Sometimes things that may have been useful in the past become used for the benefits of others. Laws often are used to manipulating markets in order to keep competition from getting rid of a good gig people have. Take Child Labor laws:

In most countries, laws to protect children in the workplace began before there were laws governing working conditions for adults. Such laws reflected public concerns because of the special vulnerability of children, due to their inexperience, weaker bodies, and general helplessness against the power of adults. At one time, children were used for hard and dangerous work in coal mines, as well as working around factory machinery that could maim or kill a child who was not alert to the dangers. However, laws passed under one set of conditions often remain on the books long after the circumstances that gave rise to those laws have changed. As a twenty-first century observer noted: Child labor laws passed to protect children from dangerous factories now keep strapping teenagers out of air-conditioned offices.

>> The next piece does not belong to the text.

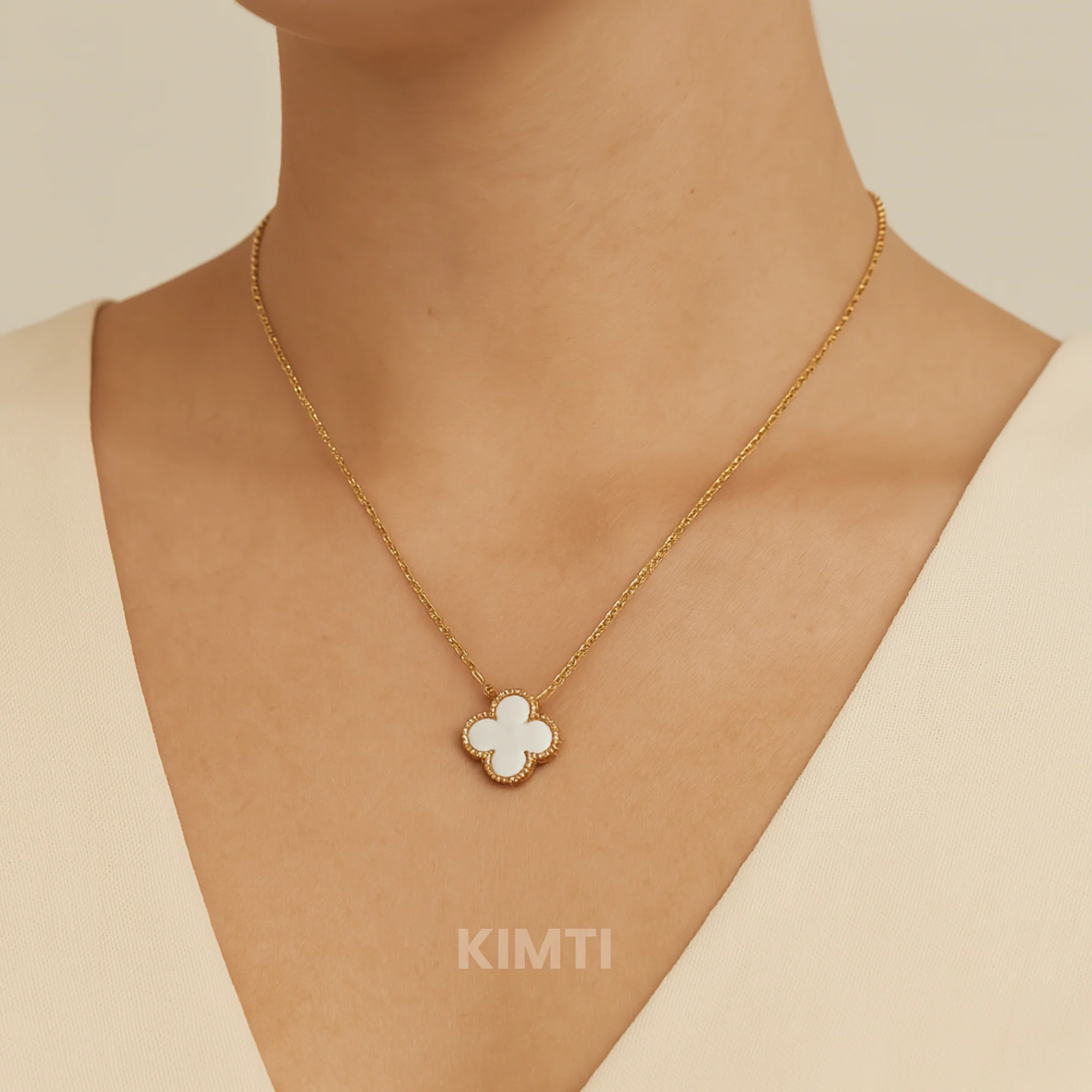 Elegant White Clover Charm Anti Tarnish Necklace - Image 3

Such results are not mere examples of irrationality. Like other laws, child labor laws were not only passed in response to a given constituency—humanitarian individuals and groups, in this case—but also developed new constituencies among those who found such laws useful to their own interests. Labor unions, for example, have long sought to keep children and adolescents out of the work force, where they would compete for jobs with the unions’ own members. Educators in general and teachers’ unions in particular likewise have a vested interest in keeping young people in school longer, where their attendance increases the demand for teachers and can be used politically to argue for larger expenditures on the school system. While keeping strapping teenagers from working in air-conditioned offices might seem irrational in terms of the original reasons for child labor laws advanced by the original humanitarian constituency, it is quite rational from the standpoint of the interests of these new constituencies. Whether it is rational from the standpoint of society as a whole to have so many young people denied legal ways to earn money, while illegal ways abound, is another question.

Sowell, Thomas. Basic Economics (Kindle Locations 4458-4476). Basic Books. Kindle Edition.